**GOAL OF THE EXERCISE**
Everything from the line containing "徐州十佳法令紋線雕整形醫(yī)院推薦" through the line containing "ایمپلنت دیجیتال در ستارخان شیراز" in the listing below should be copied exactly, and nothing more.

**RECORD EXTRACTS**
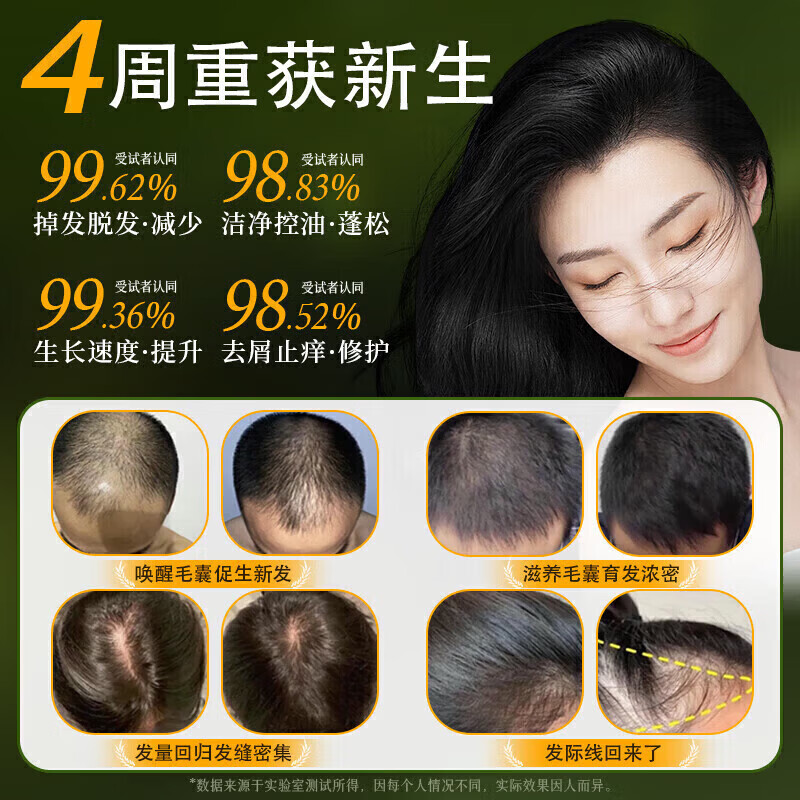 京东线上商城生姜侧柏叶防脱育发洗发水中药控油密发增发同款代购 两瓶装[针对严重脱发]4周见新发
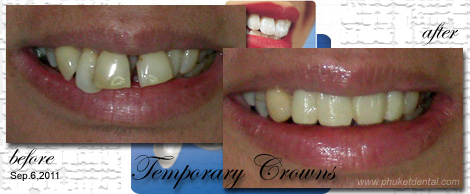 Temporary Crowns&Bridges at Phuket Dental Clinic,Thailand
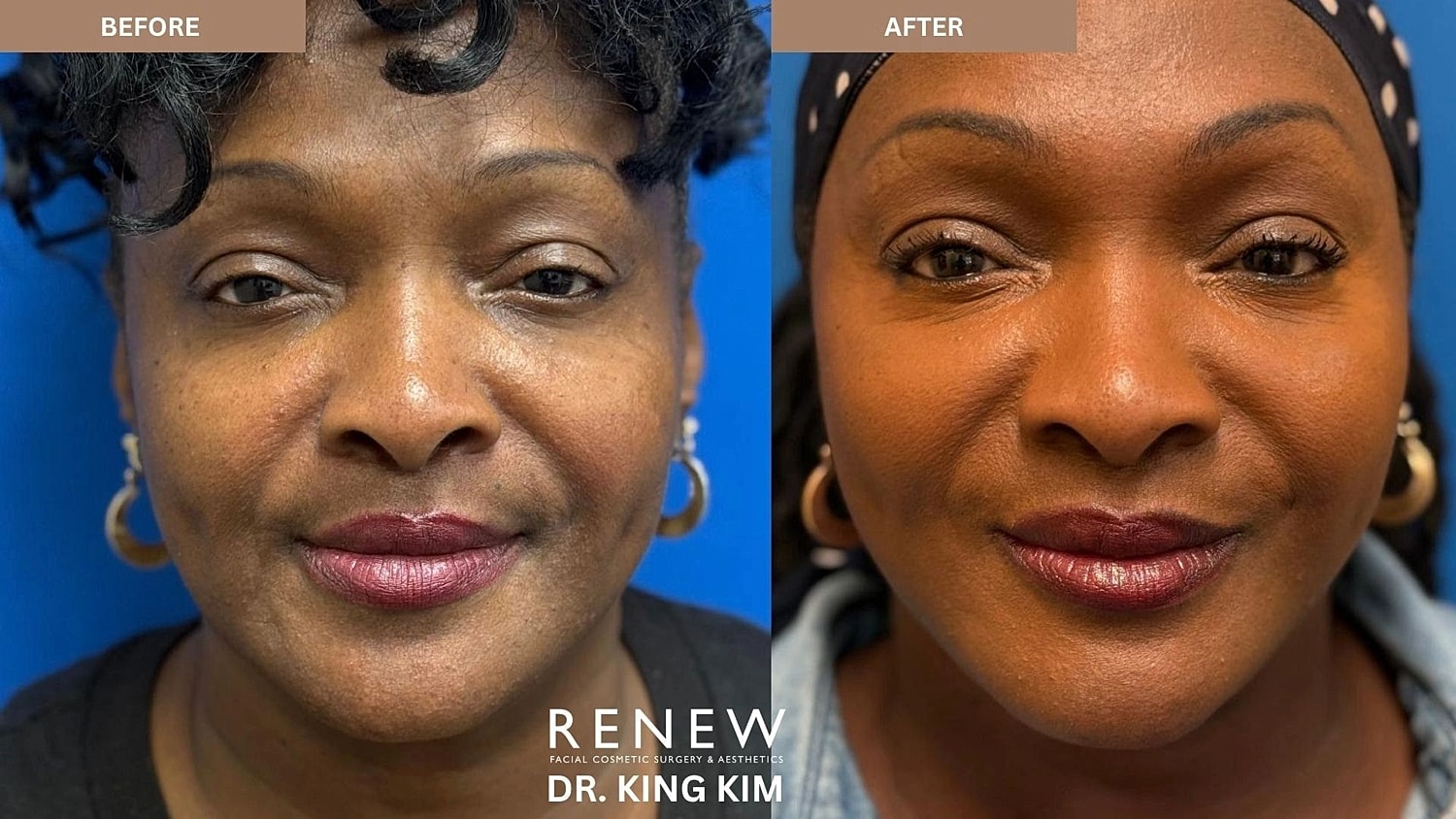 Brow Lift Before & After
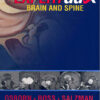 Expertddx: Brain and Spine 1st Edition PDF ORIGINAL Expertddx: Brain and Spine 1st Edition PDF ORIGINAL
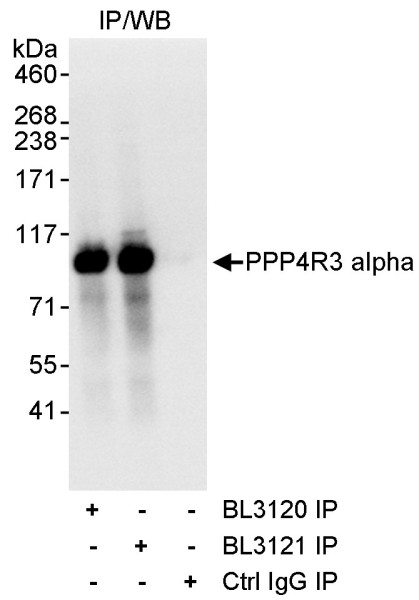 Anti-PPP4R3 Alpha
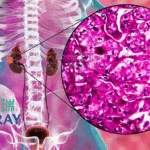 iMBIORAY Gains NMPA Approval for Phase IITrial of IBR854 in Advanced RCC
--
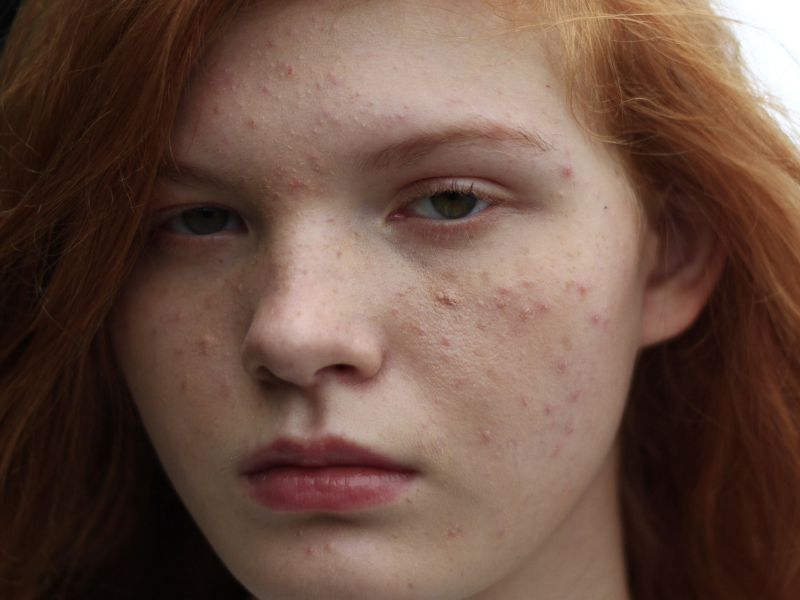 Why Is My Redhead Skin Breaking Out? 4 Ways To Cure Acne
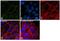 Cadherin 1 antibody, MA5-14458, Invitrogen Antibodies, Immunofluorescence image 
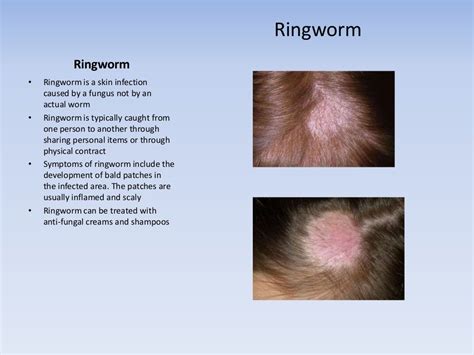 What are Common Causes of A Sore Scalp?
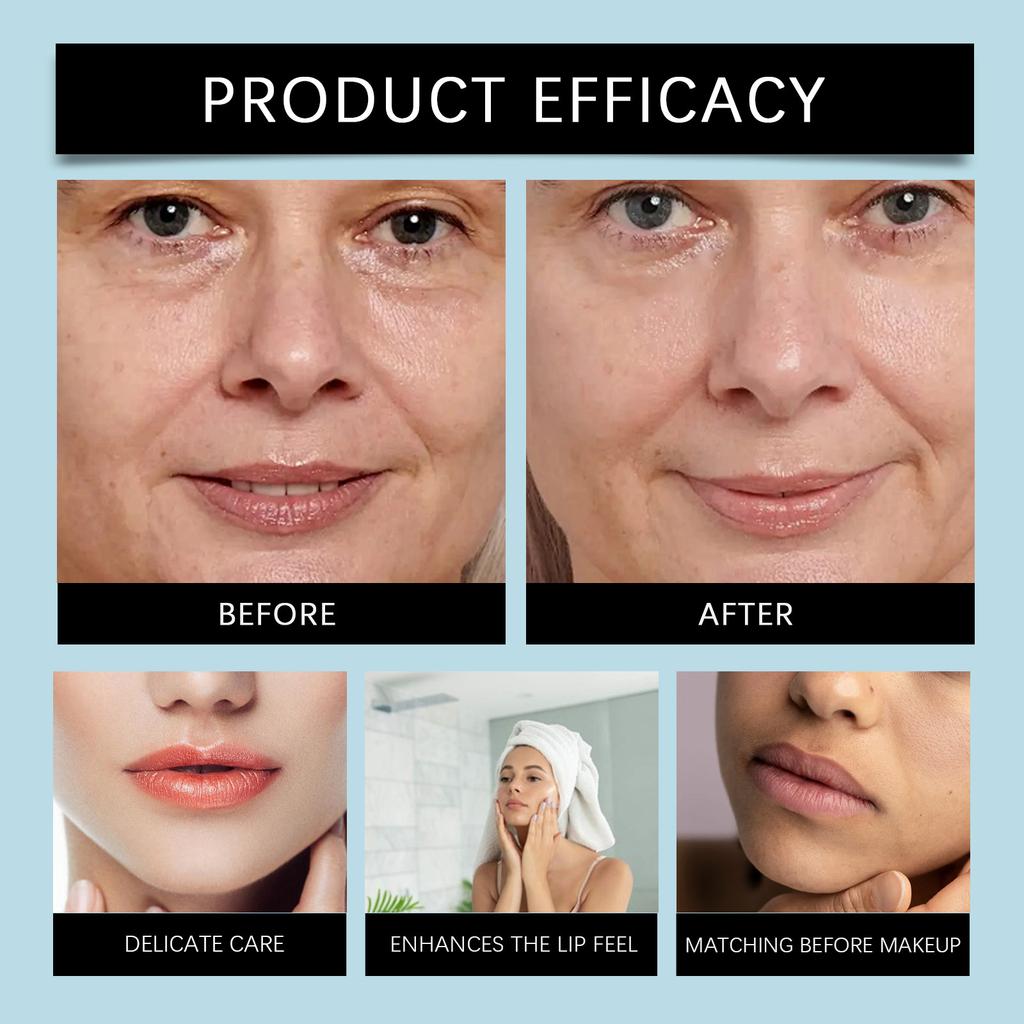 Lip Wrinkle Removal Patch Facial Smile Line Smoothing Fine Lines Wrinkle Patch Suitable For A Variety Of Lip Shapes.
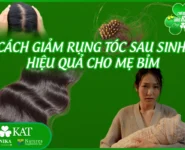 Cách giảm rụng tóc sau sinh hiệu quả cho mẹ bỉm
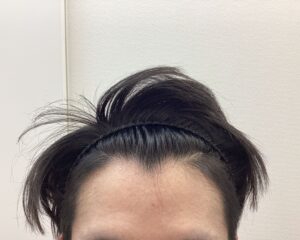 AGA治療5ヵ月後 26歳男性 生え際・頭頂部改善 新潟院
==
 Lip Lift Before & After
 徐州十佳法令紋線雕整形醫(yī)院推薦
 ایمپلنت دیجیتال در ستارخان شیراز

**EXERCISE ANSWER**
 徐州十佳法令紋線雕整形醫(yī)院推薦
 ایمپلنت دیجیتال در ستارخان شیراز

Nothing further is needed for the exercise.